| INSTRUCTIONS TO FOLLOW |
From the line containing "So as you can" to the last line of the data, both included, transcribe each line exactly, leaving out pictures and adding nothing.

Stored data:
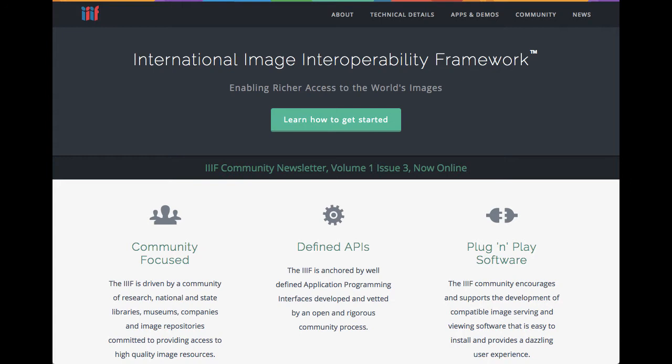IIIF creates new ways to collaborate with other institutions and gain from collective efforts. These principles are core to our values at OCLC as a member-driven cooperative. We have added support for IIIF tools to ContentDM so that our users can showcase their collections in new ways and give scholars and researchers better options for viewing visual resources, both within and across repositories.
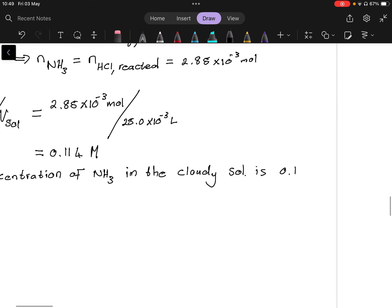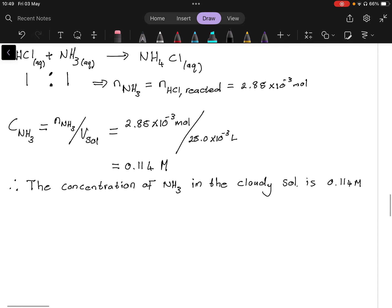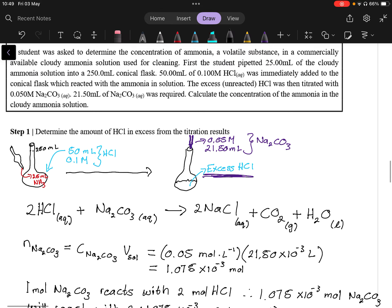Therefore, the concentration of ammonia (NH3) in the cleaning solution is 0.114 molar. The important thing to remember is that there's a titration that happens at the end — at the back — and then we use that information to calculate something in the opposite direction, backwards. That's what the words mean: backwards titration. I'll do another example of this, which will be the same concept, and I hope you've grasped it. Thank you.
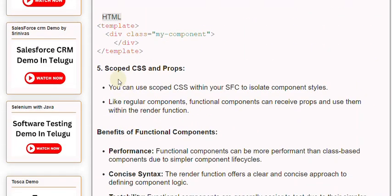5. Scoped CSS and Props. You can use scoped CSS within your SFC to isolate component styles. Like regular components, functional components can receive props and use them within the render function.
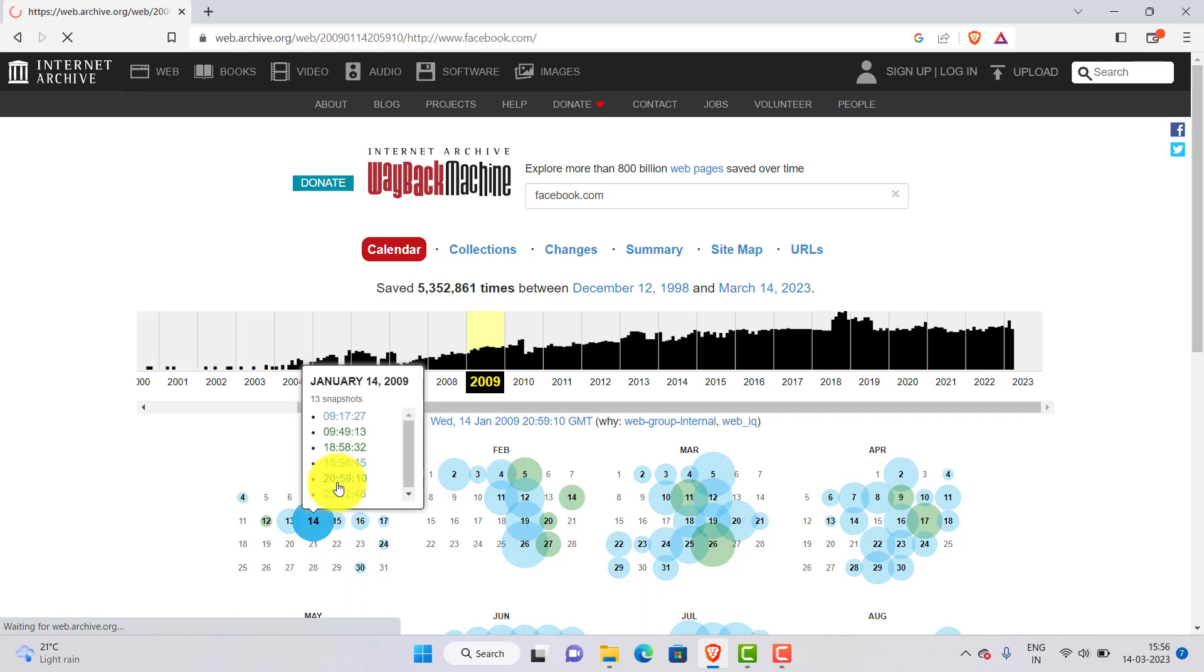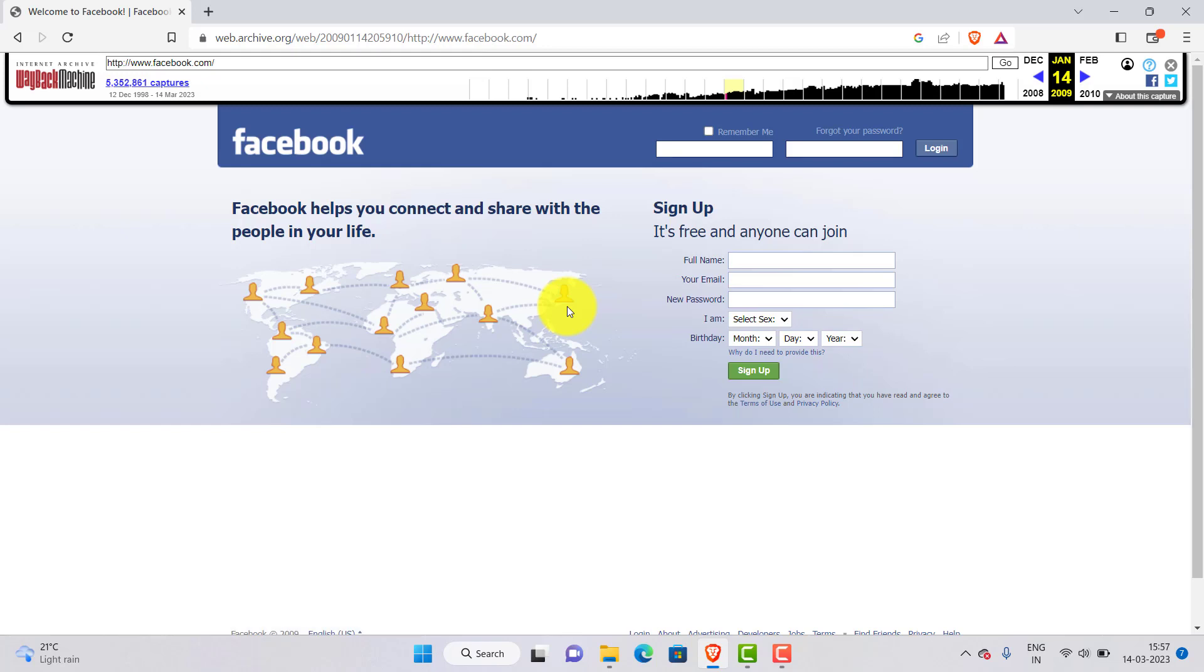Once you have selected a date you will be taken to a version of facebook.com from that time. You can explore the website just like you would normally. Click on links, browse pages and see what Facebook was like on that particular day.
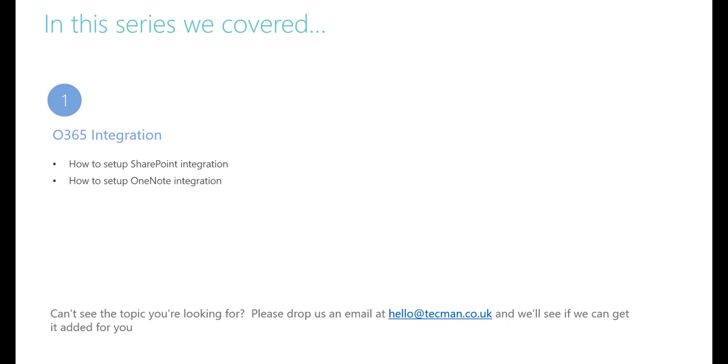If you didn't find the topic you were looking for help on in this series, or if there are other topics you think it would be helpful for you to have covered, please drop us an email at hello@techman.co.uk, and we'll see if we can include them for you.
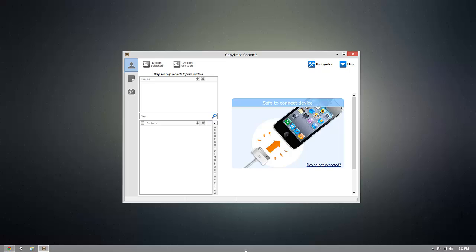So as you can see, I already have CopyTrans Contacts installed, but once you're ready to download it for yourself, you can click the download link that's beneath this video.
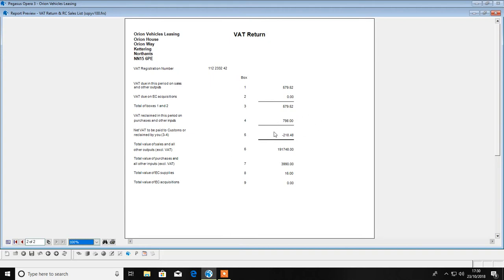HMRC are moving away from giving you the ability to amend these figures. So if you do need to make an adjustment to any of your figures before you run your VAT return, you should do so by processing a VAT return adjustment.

| ANSWER SPACE |
So as you can see, I already have CopyTrans Contacts installed, but once you're ready to download it for yourself, you can click the download link that's beneath this video.
HMRC are moving away from giving you the ability to amend these figures. So if you do need to make an adjustment to any of your figures before you run your VAT return, you should do so by processing a VAT return adjustment.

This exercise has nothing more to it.